十九巻目 あはははは! あひゃひゃひゃひゃひゃ!
※※※※
「それにしても・・・」
「・・・? どうしたジョン」
ジョンが沈黙を破った。素晴らしい沈黙を。
「いや、よくそんな服を着れるなと思いまして」
「はっ?」
「えっ?」
俺と彼女は突然のジョンの発言に動揺してしまった。
「いや、だってあんな恰好ですよ」
彼女に指をさしながら、にやにやしている。
「かわいい恰好じゃないか」
思わず言い返す。どこがにやにやするポイントなのか? なぜ、そこまでにやにやする必要があるのか? まったく・・・。
「だって、裸同然の恰好じゃないですか!」
いい終わった後、「プ八ッ!」とジョンは吹いて、ゲラゲラと笑い始めてしまった。
まぁ・・・確かに・・・・・・。
「・・・二人とも、そんな変な目線で私を見ないでください」
冷静な声で、彼女に言われてしまった。いやはや、失敬。
「・・・そういえばなんだが」
今度は俺が沈黙を破ってみた。
「何ですかノブ?」
ちょっとだけ気になったんだ。
「いや、どこでジョンと君が知り合ったのか疑問でね」
おっ、はじめて彼女に「君」って言った。これは、発展するな!
俺の問いかけに、ジョンと彼女は「う~ん」と悩み始めてしまった。
「まさか、思い出せないの?」
まさか、な。彼女は忘れているかもしれないけれども、ジョンが忘れるとは到底思えない。男なら誰しも、このような容姿を兼ねそろえている。その姿を見た途端に、「うわぁ・・・」と驚き、その姿は脳裏に焼き付き、一生忘れないことはないだろう。
「いや、忘れてしまったものは忘れてしまいました」
「やっぱり忘れちゃったのかよ。君は?」
「私も・・・忘れちゃいました」
「なんだよ、二人とも忘れちゃったのかよ・・・」
なんだよ、つまんないなー・・・。
※※※※
平成22年7月2日 東京 秋葉原 ビルの間の暗がり
雨降りしきり、地は濡れ、夏特有の湿気が外を包んでいた。そして・・・
「はぁ、はぁ、はぁ・・・」
一人の女が、ここに着いた。
「ようこそ、秋葉原へ」
男の声が、女に届く。
「誰だ!」
女は腰元に手を伸ばすが、腰元には何もなくただ手を振るしかできなかった。
「くそっ・・・」
女は、女らしからぬ渋い顔をした。
「まぁ、そんな渋い顔をする必要はないですよ。
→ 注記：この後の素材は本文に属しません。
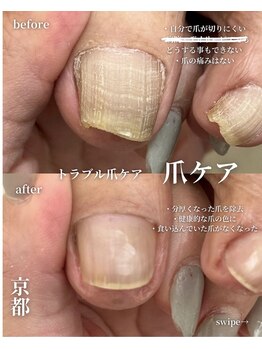 アイル(isle)/【爪が切れない！86歳のお客様】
私は怪しい人物ではありません。それに、ここは非常に安全なところですよ」
男は冷静に、淡々と話す。しかし、女は信じることはしなかった。
「だ、騙されるか! ここは・・・?」
強気に出るが、あることに気づき戸惑い始める。気づいたこととは
「今あなたは、自分がいる場所について疑念を持ちましたね?」
「!?」
図星だ。女は男に言われたことに驚き、膝をがくんと落とした。
「まさか・・・ここは・・・」
「さすが、あなたは勘が鋭いですね!」
「死後の世界か・・・」
女は、納得したように目を閉じた。
「察するに、私はすでに死んだんだな。あぁ、まぁいいだろう。やりたいことはやった。気持ち晴れやかに地獄にいけるな」
「えっ、ちょっ、はっ?」
「さぁ、連れていけ・・・南蛮人?」
男は勝手に話を進めていく女に驚きを隠せなかった。そして女は、男が南蛮人であることに気が付いた。
「正式にはアメリカ人ですけどもね」
「あ・・・めり・・・・・・か?」
「あぁ、忘れてください。あなたの時にはまだなかったですね」
男は、にこやかに笑った。
「何がおかしい、南蛮人!」
「いや、本当におかしいですよ」
「何がだ!」
男は「ハッ、ハッ、ハッ!」と声を大きくして笑った。
「だって・・・お、おぅ」
「おう?」
「女じゃないですか、あなた!」
男は涙を流しながら笑い始めてしまった。
「あはははは! あひゃひゃひゃひゃひゃ!」
それとは逆に女は青ざめていた・・・。